▸ **Supplied material**:

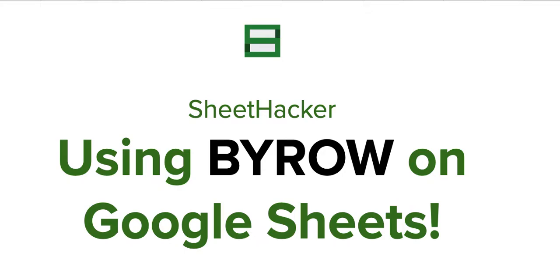Hello everyone, welcome back to the channel. Today I'm going to be talking about one of the new functions that have been introduced by Google Sheets: the BYROW function.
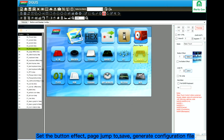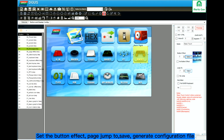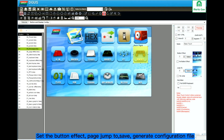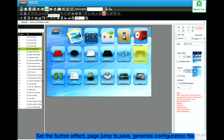Jump to the page you want to change. For example, page 6. Save. Direct configuration file.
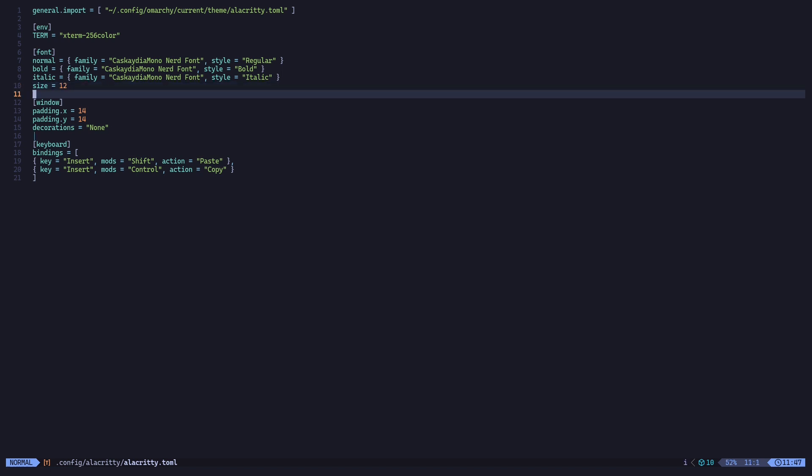To enter the edit mode inside Neovim, just press 'i' on your keyboard. Go over here and change the font size to, let's say, 16. Then press Escape on your keyboard. That means you are out of the edit mode.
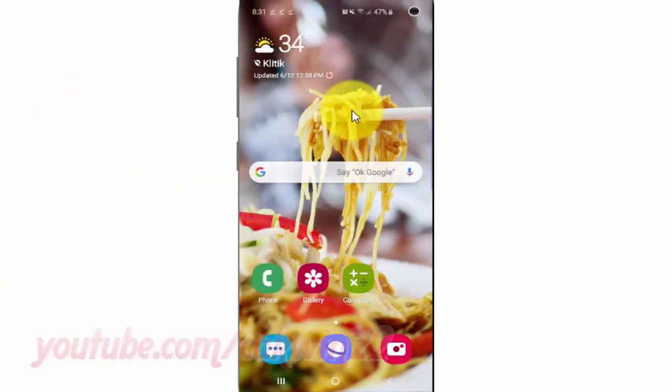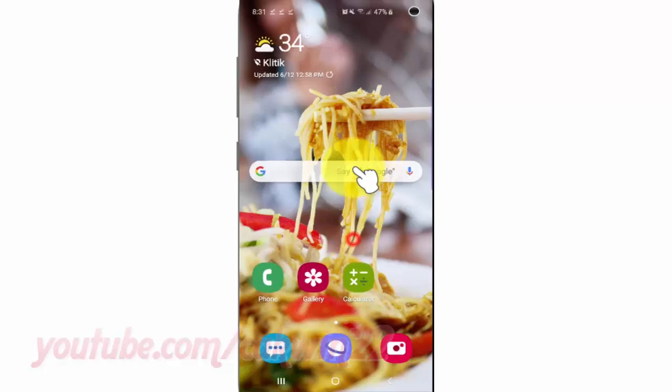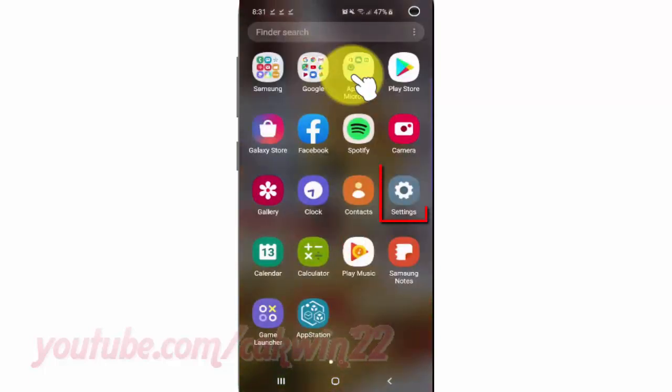To change roaming clock region in Samsung Galaxy S10, open Settings. From the home screen, swipe up or down from the center of the display to access the apps screen. Tap Settings.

▸ **Your objective**:
Exactly as written, reproduce the lines from the beginning of the material through the line with "To enter the", and skip any picture.

▸ **Response below**:
Hello everyone, welcome back to the channel. Today I'm going to be talking about one of the new functions that have been introduced by Google Sheets: the BYROW function.
Jump to the page you want to change. For example, page 6. Save. Direct configuration file.
To enter the edit mode inside Neovim, just press 'i' on your keyboard. Go over here and change the font size to, let's say, 16. Then press Escape on your keyboard. That means you are out of the edit mode.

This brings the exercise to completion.